BPI: Loans rising, delinquencies hitting plateau this year
Ayala-led Bank of the Philippine Islands (BPI) expects its loan book to grow and loan delinquencies to plateau this year with the reopening of the domestic economy and the increased COVID-19 vaccination of residents.
In a recent presentation, BPI executive vice president and consumer banking head Ma. Cristina Go said consumer spending in the country would likely increase this year following the uptrend in the country’s mobility, which began rising toward prepandemic levels in the last quarter of 2021.
“While Omicron (COVID-19 variant) has set us back early this year, we see consumer spending really moving up in the coming months,” she said.
Go heads the consolidated consumer banking business of the financial institution as the merger of BPI and its consumer banking arm, BPI Family Savings Bank, officially took effect on Jan. 1, 2022, with BPI as the surviving entity.
“In terms of loan growth, we are aligned with the [Bangko Sentral ng Pilipinas or BSP’s] outlook of about 5–7 percent this year. By our own estimates, we will see consumer loan growth while corporate loans will continue to be muted. Nevertheless, we are looking at this same growth in our loan books,” said Go. She noted that the central bank had been an early mover in responding to the pandemic, by aggressively lowering the reserve requirement on banks and slashing local interest rates.
“We have seen also BSP signal that they are very much aware that we are still in the recovery phase,” she said.
“The central bank has expressed willingness to stay patient while making the necessary adjustment in policy rates if the growth trajectory shows enough traction and inflationary expectations are no longer within boundaries,” said Go, adding any adjustment would likely occur toward the latter part of the year.
But Go said the current policy rate—at a record-low 2 percent—was supportive of Filipino consumers.
She added that the availability of credit would not likely be affected by subdued rate hikes. With the banks continually assessing and managing asset quality, the industry is seen to sustain lending to creditworthy clients.
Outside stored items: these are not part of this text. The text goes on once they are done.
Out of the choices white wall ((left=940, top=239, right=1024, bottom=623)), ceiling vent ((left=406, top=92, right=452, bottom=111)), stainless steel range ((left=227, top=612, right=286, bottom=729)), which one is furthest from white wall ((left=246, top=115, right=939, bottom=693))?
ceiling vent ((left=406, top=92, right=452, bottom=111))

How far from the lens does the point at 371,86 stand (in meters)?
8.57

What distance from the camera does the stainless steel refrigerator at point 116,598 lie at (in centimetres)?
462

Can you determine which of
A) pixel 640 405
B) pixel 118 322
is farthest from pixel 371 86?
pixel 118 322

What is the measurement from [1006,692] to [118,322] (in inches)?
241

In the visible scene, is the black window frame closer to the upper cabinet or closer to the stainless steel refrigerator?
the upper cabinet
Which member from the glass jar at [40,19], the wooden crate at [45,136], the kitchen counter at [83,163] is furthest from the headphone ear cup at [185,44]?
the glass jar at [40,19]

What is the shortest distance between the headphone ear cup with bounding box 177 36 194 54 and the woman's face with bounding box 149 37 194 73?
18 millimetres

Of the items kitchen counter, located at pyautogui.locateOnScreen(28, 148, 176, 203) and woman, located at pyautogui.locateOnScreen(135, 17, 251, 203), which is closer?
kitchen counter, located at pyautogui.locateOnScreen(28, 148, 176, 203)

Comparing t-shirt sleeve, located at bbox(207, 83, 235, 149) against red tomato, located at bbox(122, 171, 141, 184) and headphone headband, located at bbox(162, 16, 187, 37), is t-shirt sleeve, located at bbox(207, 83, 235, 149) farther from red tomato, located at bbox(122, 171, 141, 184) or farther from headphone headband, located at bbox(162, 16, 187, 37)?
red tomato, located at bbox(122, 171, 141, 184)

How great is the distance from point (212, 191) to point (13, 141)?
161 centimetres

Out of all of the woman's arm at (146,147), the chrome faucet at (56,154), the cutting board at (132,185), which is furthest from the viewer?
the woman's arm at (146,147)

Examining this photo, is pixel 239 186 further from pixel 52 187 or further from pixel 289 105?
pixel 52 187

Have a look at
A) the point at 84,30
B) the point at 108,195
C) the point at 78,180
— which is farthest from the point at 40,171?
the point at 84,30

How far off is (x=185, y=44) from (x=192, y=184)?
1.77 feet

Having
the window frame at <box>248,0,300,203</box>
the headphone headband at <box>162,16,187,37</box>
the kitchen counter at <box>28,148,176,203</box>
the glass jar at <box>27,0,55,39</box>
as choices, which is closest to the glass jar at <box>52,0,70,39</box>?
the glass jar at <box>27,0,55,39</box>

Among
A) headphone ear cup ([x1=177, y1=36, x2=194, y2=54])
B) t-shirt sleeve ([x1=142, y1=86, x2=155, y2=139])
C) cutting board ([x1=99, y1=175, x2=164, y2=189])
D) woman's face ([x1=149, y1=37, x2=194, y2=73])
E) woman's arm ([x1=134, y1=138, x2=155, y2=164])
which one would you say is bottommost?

“And in terms of those who are already with loans and having some difficulties, banks continue to restructure loans or repackage them for better affordability to existing loan clients,” Go pointed out.
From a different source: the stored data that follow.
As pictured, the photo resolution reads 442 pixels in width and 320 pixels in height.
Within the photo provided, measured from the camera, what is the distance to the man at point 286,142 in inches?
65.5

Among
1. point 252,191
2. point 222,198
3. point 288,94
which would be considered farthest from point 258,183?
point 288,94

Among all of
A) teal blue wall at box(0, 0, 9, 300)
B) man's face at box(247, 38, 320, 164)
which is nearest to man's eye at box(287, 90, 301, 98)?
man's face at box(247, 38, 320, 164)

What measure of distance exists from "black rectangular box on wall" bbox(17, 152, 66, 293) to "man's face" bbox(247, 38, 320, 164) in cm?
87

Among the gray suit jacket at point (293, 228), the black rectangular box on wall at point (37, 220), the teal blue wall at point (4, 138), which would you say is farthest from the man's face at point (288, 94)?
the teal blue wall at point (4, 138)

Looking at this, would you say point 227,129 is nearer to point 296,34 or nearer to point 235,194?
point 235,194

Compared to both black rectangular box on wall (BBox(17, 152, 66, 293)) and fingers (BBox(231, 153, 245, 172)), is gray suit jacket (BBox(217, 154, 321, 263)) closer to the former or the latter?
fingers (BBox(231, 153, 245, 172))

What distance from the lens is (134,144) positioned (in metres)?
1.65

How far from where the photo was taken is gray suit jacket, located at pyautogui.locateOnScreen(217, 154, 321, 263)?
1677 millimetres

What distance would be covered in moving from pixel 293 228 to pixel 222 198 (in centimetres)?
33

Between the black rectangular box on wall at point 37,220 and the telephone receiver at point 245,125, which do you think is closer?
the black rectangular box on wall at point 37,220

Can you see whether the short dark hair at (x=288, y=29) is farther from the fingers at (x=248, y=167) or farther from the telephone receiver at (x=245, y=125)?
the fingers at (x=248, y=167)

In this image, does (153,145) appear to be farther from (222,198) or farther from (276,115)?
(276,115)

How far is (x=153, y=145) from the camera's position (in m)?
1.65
But nonperforming loans (NPLs) will plateau as the economy opens up, and as more jobs are created and business picks up.
“Generally, we see NPLs to be moderate and better managed, plateauing in 2022,” said Go, adding that NPL formation would probably be modest as some sectors in the industry would have a late recovery.
As consumer spending and consumer loans are seen to pick up pace this year, Go said BPI would be able to provide its clients a more seamless digital and physical experience.
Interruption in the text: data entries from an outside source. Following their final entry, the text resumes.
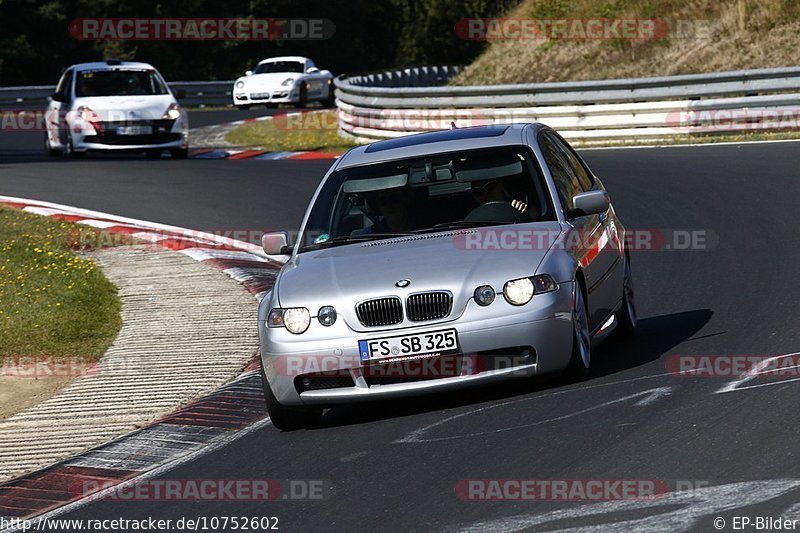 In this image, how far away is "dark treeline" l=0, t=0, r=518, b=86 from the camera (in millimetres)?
57375

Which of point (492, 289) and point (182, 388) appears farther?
point (182, 388)

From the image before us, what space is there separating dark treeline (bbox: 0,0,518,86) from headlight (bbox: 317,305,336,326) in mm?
A: 49898

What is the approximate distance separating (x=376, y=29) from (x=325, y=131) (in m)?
45.6

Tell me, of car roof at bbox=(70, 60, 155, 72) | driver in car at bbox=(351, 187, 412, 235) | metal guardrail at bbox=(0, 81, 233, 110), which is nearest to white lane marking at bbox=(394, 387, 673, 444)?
driver in car at bbox=(351, 187, 412, 235)

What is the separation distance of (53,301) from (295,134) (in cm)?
1899

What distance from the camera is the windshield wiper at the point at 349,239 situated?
867 cm

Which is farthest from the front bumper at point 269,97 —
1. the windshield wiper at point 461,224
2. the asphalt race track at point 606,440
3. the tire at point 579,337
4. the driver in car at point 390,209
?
the tire at point 579,337

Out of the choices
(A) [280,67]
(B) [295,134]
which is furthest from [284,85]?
(B) [295,134]

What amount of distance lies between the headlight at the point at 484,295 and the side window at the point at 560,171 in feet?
4.23

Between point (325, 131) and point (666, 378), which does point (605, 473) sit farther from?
point (325, 131)

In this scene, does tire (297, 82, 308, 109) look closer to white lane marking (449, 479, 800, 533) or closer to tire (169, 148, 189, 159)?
tire (169, 148, 189, 159)

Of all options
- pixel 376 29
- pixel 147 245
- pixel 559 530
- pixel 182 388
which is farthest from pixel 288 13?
pixel 559 530

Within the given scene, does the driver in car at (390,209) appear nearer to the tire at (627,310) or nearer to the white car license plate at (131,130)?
the tire at (627,310)

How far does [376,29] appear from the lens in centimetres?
7625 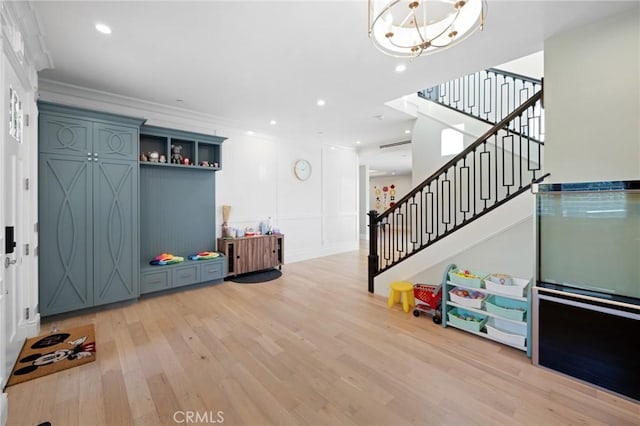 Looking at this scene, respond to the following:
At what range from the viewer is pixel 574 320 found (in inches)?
81.1

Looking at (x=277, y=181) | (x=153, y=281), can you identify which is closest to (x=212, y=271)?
(x=153, y=281)

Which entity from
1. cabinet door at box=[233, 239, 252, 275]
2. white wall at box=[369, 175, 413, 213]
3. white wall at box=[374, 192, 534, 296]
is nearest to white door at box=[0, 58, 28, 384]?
cabinet door at box=[233, 239, 252, 275]

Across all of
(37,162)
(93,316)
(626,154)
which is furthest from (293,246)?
(626,154)

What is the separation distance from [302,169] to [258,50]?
3.55m

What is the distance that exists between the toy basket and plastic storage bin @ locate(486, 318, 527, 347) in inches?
21.7

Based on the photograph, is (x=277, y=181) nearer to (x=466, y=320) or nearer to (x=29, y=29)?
(x=29, y=29)

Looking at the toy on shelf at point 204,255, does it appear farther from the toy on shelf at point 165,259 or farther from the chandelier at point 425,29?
the chandelier at point 425,29

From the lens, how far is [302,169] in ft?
20.1

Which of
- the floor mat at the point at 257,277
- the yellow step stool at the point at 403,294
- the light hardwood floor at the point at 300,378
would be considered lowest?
the light hardwood floor at the point at 300,378

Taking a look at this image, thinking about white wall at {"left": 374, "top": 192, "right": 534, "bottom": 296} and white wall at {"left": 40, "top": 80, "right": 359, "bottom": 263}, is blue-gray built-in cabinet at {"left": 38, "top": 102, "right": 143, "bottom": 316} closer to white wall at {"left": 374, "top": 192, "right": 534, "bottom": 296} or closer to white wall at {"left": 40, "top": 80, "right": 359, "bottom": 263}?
white wall at {"left": 40, "top": 80, "right": 359, "bottom": 263}

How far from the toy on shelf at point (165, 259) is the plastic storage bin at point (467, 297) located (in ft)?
12.4

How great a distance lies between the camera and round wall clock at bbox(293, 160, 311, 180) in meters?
6.02

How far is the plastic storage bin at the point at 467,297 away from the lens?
2.70 meters

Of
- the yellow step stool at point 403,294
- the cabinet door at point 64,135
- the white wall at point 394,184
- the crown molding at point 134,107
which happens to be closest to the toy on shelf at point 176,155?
the crown molding at point 134,107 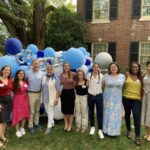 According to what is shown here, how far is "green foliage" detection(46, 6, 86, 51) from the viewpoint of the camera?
17656 millimetres

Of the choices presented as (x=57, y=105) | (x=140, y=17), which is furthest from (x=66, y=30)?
(x=57, y=105)

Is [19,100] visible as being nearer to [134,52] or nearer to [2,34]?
[2,34]

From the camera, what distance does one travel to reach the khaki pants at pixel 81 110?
7.28m

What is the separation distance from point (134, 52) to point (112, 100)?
11076mm

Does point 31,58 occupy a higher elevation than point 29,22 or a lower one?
lower

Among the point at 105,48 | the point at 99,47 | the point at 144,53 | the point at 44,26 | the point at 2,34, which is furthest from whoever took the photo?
the point at 44,26

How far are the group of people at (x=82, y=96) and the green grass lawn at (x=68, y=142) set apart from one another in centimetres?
12

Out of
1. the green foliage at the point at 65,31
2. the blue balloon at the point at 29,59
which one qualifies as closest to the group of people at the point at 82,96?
the blue balloon at the point at 29,59

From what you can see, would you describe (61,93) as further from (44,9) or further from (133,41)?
(44,9)

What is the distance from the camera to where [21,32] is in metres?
18.7

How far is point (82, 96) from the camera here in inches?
286

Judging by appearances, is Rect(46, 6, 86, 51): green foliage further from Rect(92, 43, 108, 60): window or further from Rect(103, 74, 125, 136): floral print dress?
Rect(103, 74, 125, 136): floral print dress

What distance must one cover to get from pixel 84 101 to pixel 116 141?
105 centimetres

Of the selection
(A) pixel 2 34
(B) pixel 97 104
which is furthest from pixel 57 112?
(A) pixel 2 34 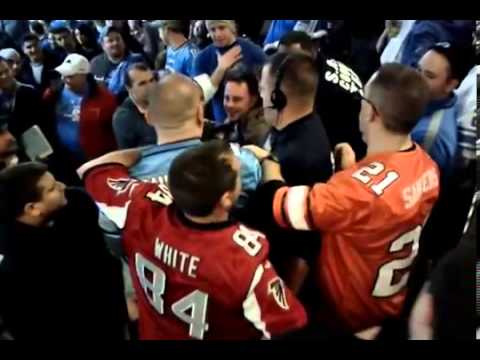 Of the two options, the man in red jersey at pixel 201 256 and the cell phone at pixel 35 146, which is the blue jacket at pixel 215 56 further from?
the man in red jersey at pixel 201 256

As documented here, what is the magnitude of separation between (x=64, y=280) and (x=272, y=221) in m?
0.41

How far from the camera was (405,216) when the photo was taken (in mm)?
1022

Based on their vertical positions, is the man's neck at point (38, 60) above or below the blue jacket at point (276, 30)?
below

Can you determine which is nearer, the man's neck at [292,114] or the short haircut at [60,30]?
the man's neck at [292,114]

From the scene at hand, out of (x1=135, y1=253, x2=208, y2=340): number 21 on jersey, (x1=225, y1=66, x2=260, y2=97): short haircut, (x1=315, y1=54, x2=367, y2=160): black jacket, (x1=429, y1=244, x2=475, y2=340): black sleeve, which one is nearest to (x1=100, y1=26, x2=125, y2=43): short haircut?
(x1=225, y1=66, x2=260, y2=97): short haircut

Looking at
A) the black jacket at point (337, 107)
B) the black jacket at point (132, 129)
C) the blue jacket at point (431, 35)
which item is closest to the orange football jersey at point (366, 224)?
the black jacket at point (337, 107)

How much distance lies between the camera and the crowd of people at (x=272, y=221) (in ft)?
2.97

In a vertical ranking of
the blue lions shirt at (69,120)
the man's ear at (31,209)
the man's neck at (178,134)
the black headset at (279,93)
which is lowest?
the blue lions shirt at (69,120)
“Our online transactions have been growing at 62 percent the past year, and our usage continues to move up as we build the functionalities in our digital platform, and we see this as the case moving forward,” she said.
About 56 percent of BPI’s clients are enrolled in its online banking platform. Even as the branches had been opened most of the year in 2021, the percentage of its banking transactions done digitally remained at 90 percent.
She added that the enlarged bank was in a position to optimize its presence while taking the opportunities to consolidate its branch footprint.
“As we consolidate our branches, it allows us to optimize our resources and make the branches more accessible to more clients,” said Go.